Some of the pregnancy problems that may lead to hospitalization include a pregnancy growing outside the uterus (tubal pregnancy), miscarriage, excessive vomiting during pregnancy, urinary tract infection, heavy bleeding or infection, diabetes, preeclampsia and eclampsia (causing swelling, high blood pressure and possible seizures), blood clots, premature labor, death of the fetus, newborn or pregnant person.
Maternal death occurs approximately 17 times out of every 100,000 live births in the U.S.[iii]
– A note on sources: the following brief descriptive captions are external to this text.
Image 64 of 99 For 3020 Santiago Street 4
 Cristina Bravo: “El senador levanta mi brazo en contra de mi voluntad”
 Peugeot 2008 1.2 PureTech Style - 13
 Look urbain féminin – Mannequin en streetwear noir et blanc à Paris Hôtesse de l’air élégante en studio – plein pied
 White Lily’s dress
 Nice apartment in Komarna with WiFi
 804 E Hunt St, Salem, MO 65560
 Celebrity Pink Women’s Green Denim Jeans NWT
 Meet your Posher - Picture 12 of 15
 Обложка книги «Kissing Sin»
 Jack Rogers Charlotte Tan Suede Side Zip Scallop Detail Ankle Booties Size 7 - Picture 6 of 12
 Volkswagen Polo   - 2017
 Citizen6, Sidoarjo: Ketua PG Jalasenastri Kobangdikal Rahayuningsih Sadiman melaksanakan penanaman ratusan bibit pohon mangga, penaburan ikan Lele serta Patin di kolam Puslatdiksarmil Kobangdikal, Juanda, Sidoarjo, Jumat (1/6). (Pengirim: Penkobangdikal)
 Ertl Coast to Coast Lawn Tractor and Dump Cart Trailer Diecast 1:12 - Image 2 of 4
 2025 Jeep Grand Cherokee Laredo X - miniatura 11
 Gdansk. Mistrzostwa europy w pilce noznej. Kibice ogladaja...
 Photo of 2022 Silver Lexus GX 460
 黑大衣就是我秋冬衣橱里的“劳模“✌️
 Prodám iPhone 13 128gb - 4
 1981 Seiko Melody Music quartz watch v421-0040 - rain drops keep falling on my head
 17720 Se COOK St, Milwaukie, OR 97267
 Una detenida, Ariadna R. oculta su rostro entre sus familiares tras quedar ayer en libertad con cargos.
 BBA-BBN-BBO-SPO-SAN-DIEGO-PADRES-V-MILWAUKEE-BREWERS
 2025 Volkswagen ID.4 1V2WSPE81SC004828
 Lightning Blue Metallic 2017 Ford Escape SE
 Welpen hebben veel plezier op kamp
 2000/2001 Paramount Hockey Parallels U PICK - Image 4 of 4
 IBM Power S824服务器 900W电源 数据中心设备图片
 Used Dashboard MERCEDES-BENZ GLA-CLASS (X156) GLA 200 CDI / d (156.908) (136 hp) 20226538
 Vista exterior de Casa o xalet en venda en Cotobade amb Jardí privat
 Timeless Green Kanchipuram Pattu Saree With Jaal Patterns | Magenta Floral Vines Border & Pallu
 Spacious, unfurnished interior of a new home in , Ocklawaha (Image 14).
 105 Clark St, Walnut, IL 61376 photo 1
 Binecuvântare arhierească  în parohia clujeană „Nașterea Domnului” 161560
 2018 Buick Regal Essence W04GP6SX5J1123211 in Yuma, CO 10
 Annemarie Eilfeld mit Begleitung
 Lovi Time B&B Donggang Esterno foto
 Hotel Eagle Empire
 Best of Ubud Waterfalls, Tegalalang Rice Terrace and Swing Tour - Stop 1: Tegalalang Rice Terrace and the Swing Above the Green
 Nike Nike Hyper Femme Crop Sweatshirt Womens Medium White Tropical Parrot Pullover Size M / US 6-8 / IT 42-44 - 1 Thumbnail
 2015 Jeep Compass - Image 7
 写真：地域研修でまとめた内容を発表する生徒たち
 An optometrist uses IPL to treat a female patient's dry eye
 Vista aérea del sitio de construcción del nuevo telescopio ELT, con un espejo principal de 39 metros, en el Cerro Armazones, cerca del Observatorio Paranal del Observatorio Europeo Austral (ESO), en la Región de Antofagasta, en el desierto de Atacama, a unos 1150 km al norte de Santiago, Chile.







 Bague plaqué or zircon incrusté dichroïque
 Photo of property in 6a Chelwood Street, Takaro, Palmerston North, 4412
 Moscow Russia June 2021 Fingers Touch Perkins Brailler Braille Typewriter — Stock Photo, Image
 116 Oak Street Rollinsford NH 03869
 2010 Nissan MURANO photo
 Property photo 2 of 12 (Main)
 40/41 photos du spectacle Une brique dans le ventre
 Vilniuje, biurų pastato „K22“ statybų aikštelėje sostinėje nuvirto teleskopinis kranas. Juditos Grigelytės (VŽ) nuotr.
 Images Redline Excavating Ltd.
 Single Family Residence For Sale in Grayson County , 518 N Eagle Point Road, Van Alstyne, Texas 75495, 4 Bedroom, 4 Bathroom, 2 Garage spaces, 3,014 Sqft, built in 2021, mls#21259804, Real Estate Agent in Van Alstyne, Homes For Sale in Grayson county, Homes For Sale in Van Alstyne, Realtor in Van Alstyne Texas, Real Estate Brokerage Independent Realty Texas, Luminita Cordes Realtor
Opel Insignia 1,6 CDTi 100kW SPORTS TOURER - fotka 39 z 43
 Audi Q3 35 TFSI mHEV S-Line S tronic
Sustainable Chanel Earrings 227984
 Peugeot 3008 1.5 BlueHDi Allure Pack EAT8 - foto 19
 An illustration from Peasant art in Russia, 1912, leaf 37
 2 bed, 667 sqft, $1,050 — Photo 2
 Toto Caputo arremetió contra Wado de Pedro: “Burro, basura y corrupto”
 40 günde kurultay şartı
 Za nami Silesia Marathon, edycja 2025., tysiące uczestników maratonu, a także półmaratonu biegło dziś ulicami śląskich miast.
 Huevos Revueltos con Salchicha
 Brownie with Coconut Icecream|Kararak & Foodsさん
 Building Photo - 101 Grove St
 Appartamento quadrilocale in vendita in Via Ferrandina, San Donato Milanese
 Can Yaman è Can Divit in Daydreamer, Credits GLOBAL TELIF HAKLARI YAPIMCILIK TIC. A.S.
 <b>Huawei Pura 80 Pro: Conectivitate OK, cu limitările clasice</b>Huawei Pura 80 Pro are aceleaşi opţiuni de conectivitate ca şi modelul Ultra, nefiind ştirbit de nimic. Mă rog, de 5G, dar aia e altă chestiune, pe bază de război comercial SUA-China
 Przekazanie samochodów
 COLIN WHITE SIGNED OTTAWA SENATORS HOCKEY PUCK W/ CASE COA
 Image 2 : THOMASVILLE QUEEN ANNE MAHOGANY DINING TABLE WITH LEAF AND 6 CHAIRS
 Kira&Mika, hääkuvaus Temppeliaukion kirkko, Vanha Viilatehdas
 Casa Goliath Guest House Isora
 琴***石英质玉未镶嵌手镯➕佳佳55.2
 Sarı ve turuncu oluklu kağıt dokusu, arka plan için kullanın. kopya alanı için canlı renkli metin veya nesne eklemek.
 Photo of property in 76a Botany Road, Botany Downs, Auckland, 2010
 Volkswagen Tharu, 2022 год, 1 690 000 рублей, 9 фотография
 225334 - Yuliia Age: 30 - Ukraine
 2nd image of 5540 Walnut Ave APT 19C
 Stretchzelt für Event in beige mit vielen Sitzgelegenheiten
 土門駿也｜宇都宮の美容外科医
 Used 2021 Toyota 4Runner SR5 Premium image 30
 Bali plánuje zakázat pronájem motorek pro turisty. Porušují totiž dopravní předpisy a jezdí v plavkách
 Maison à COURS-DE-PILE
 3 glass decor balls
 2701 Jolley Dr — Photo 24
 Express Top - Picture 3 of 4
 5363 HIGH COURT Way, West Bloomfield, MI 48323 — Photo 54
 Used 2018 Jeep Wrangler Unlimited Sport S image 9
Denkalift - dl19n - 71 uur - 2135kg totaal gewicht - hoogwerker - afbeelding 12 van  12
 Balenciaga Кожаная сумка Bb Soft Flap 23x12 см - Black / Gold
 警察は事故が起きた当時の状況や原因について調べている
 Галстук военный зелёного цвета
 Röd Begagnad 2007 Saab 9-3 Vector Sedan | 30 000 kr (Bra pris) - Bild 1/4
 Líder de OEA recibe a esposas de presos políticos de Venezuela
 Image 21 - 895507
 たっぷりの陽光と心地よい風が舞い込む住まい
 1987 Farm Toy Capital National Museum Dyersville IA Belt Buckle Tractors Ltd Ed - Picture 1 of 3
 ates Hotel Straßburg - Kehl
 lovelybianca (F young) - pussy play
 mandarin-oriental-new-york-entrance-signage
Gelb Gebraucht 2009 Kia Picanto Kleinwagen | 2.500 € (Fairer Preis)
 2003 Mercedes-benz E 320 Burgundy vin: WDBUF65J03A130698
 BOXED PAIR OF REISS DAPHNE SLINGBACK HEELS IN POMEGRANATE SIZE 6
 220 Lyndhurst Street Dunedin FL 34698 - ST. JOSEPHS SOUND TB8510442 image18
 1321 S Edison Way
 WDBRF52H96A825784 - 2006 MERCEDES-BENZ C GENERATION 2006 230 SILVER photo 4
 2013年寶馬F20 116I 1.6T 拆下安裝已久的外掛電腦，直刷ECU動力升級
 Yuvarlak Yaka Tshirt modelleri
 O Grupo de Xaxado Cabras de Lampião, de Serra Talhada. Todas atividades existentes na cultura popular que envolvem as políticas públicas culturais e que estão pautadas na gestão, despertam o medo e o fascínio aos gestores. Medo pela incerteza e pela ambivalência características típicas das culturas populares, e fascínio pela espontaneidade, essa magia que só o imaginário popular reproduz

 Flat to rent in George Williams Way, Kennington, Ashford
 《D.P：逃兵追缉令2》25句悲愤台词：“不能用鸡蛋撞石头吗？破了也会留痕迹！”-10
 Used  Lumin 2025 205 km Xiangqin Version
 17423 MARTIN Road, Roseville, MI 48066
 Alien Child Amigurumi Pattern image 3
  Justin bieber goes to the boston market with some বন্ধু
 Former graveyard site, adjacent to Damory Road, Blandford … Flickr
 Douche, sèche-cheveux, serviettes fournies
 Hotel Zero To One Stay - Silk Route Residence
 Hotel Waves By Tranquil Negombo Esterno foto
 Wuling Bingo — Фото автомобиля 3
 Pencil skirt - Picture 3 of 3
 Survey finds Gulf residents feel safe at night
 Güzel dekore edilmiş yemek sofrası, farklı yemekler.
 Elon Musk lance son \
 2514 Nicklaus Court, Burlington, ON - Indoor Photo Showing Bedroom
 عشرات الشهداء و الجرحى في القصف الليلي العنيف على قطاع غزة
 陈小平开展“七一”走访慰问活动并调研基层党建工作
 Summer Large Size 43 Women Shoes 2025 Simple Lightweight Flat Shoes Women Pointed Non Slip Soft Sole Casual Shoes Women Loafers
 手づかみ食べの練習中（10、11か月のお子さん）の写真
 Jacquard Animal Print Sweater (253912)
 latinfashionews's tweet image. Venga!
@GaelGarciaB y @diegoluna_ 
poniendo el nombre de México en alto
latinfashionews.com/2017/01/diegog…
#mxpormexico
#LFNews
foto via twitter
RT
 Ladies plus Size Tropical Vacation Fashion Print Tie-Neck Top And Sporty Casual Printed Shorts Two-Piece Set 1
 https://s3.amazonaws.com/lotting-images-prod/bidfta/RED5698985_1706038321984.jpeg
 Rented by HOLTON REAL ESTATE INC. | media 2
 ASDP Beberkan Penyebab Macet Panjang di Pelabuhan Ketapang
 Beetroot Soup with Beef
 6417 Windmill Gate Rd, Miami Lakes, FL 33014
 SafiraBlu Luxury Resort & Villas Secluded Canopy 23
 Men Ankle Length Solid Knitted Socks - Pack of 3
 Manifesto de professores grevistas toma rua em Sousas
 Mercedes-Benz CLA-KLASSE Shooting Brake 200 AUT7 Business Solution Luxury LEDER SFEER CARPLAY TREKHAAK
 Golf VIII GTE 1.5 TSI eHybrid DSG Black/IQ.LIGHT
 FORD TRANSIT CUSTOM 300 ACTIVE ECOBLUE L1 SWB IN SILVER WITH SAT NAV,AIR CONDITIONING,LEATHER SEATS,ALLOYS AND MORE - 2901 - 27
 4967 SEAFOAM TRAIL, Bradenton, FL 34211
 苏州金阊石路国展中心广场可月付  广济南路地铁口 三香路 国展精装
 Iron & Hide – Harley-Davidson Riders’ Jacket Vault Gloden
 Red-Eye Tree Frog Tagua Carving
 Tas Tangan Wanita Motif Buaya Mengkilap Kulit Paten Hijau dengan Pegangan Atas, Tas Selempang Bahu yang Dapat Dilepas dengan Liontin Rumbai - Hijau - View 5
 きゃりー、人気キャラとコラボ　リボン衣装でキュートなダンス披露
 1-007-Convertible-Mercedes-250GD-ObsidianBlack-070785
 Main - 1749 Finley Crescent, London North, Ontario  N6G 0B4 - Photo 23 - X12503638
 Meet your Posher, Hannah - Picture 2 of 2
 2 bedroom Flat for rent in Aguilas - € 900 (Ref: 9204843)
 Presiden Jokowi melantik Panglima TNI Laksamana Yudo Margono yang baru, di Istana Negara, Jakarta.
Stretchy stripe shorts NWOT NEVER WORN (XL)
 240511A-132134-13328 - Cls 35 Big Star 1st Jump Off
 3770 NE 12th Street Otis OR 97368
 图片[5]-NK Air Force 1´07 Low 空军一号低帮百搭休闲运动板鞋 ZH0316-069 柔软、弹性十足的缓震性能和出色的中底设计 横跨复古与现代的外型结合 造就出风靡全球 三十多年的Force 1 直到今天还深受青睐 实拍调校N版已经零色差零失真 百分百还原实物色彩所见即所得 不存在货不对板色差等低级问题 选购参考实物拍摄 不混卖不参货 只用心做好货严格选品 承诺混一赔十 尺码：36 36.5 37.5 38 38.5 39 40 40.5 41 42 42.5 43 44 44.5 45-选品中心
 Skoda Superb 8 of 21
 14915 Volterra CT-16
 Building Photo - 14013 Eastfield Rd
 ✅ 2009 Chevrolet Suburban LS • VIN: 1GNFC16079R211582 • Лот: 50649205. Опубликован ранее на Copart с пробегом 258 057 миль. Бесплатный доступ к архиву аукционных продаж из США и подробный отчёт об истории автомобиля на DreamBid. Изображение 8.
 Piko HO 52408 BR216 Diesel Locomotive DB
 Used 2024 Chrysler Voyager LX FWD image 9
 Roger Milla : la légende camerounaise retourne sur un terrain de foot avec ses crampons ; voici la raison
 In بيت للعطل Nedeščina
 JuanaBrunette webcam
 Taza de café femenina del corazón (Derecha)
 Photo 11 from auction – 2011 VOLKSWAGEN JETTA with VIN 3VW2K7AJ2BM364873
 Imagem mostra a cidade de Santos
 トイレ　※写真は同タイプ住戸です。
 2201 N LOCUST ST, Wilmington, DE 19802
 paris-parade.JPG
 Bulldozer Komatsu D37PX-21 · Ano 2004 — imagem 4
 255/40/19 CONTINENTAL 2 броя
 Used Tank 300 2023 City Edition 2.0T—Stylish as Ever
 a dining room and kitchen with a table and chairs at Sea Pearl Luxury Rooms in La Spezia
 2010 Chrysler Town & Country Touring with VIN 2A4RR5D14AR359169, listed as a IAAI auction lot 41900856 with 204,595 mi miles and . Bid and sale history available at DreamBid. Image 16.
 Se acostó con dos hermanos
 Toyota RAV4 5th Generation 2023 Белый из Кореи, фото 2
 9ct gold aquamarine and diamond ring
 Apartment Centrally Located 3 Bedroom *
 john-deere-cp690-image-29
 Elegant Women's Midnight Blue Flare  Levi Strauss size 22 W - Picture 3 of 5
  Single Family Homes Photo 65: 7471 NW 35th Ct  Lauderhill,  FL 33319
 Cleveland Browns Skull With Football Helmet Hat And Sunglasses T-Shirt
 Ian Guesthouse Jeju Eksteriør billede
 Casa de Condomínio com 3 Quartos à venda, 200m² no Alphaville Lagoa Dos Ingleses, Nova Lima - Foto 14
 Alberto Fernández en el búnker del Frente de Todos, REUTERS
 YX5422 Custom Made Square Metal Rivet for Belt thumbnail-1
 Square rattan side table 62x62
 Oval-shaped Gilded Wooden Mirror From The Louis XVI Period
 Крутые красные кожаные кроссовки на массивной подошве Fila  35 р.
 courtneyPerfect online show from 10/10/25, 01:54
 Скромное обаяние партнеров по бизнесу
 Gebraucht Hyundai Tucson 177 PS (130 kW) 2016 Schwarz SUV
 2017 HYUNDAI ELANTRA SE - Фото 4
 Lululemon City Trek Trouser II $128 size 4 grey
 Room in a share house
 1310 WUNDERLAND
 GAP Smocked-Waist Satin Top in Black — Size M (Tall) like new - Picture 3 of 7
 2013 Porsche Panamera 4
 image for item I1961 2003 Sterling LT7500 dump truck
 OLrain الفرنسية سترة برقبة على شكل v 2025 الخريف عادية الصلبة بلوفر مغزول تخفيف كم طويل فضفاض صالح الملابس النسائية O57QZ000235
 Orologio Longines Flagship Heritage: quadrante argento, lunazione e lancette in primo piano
Many services may be available to you if you choose to continue your pregnancy. You can contact the Michigan Department of Health and Human Services, your local health department, or your local human services office to learn about help in your community. You may also read about prenatal care and parenting information here: PREGNANCY AND INFANCY HEALTH EDUCATION PACKET (michigan.gov).
If you would like information about adoption, contact your local human services office or a private adoption agency.
[i] M. Paul, E.S. Lichtenberg, L. Borgatta, D.A. Grimes, P.G. Stubblefield, M.D.Creinin; Management of unintended and abnormal pregnancy: comprehensive Abortion Care. Wiley-Blackwell, 2009, p 136.
[ii] M. Paul, E.S. Lichtenberg, L. Borgatta, D.A. Grimes, P.G. Stubblefield, M.D. Creinin; Management of Unintended and Abnormal Pregnancy: Comprehensive Abortion Care. Wiley-Blackwell, 2009, p. 225.